Chroniques

par françois cavaillès

Romeo und Julia | Roméo et Juliette
opéra de Boris Blacher

Opéra national de Lyon / Théâtre de la Croix-Rousse
- 9 février 2019
à Lyon, "Romeo und Julia", opéra de Boris Blacher (1943) d'après Shakespeare
© bertrand stofleth

Romeo und Julia revient à la Croix-Rousse, quatre ans après sa création française sur la colline lyonnaise, de même que Jean Lacornerie (directeur du théâtre) remonte, avec la fraîcheur des membres du Studio et de l'Orchestre de l'Opéra national de Lyon, l'œuvre protéiforme composée en 1943 par Boris Blacher (1903-1975).

Il s'agit d'une parodie de la tragédie de Shakespeare, réduite à un opéra de chambre d'une heure et quart, transposée dans les années trente. Elle est donnée en versions allemande et anglaise. Le sérieux de l'ouvrage tourne vite au burlesque, dès le prologue entonné par April Hailer, fantasque chanteuse de cabaret à la voix cassée. Ce recours à une facture Opéra de quat’ sous intervient au début de chacun des trois actes, rapides et acides, interprétés sur le mode de la comédie musicale, alors que la fosse, excellente d'énergie, d'harmonie et de courage face à la partition, demeure toujours au second plan, donc moins audible que les jeunes gorges, assez fortes et emportées – dommage, quand l'écriture classieuse et aventurière de Blacher, figure berlinoise du XXe siècle [lire nos chroniques de Preußisches Märchen et des Streichquartette], sait si bien oser en matière de discordances, de répétitions, d'incursion dans le jazz, le charleston, etc. Mais attention au piège d'une « musique extrêmement nue », ainsi qualifiée par le chef Emmanuel Calef lors de l'avant-propos, conjugué au risque d'un théâtre de crise couru par une mise en scène typique du contemporain avec un peu de danse, de dessins, des acrobaties... sur la pente douce menant du comique au pathétique. La tâche paraît ardue d'enchaîner les numéros, à partir du superbe texte de Shakespeare, certes, mais pour quelques scènes seulement.

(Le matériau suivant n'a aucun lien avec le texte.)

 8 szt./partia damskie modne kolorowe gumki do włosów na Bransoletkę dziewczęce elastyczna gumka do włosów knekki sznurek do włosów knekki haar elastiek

Dans l'ensemble, la (re)découverte de cette œuvre encore peu connue parvient à ses fins. Sur la trame musicale audacieuse, dissonante et riche en piano, cordes quelques cuivres et une flûte (à rapprocher avec le succès shakespearien de Britten), le spectacle semble dense et mouvant dans le décor symboliste de Lisa Navarro et les costumes réalistes ou fantaisistes de Robin Chemin, selon la créativité de Lacornerie, toujours proche du livret explosif [lire nos chroniques de l’Atelier Kurt Weill, Le rêve du Général Moreau, Of thee I sing, Lady in the Dark, The Tender Land, Die Verschworenen, Les rêveries et Die Dreigroschenoper]. Le souffle fou en est bien saisi, sans qu'on puisse dire Shakespeare trop long ou dégénérée la musique de Blacher (cet étiquetage honteux eût cours). Le ton serpente de la comptine à la sarabande-rumba via le madrigal, avec quelques scènes bouleversantes exprimant l'impatience ou la résignation des jeunes amants, selon les mots et le goût fort prononcé du Bard of Avon pour la musique, peut-être plus puissante que la poésie même.

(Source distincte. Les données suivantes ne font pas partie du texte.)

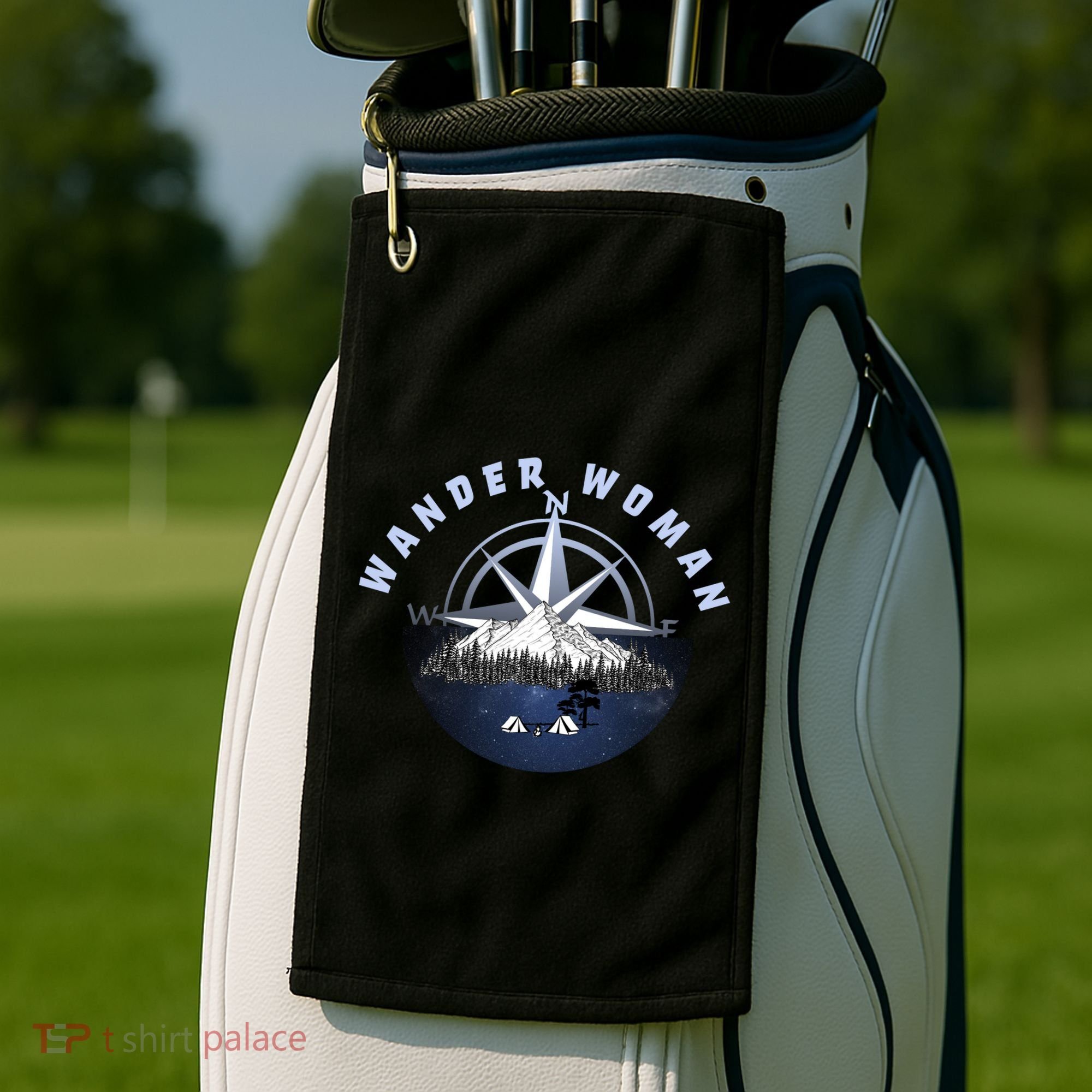 Wondar Woman Outdoors Camping Wonderer Golf Towel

La réussite provient avant tout de la troupe, très volontaire et animée, aux voix fines et articulées – en particulier le mezzo Eira Huse en Lady Capulet, l’ardent Romeo à l'émission large du ténor Alexandre Pradier et le soprano cristallin d’Erika Baikoff, icône de Julia (grâce notamment à la jolie coiffure signée Sylvie Barrault). Dans ce curieux petit maelstrom vocal, nul démérite, ainsi le captivant baryton-basse Timothy Murphy en Capulet. Enfin, avec irrégularité mais justesse, les ensembles abondent, souvent ludiques et à l'unisson, laissant d’agréables impressions de facilité et de vérité, même au milieu d'un joyeux chaos, dans une conception générale plutôt cérébrale du plaisir mélomane.

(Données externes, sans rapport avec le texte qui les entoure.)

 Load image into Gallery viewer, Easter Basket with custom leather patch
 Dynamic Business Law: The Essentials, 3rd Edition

En conclusion de l'étrange représentation, sous un gigantesque œil de l'aube surréaliste accompagné d'un épais clair-obscur vespéral (lumières de David Debrinay), puis l'image d'une statue plus classique, le maléfice de l'amour exhale son parfum absurde, amer et morbide sur les deux malheureux, embaumés et portés par les autres chanteurs, en accord avec The most excellent and lamentable tragedy of Romeo and Juliet (titre original de la pièce).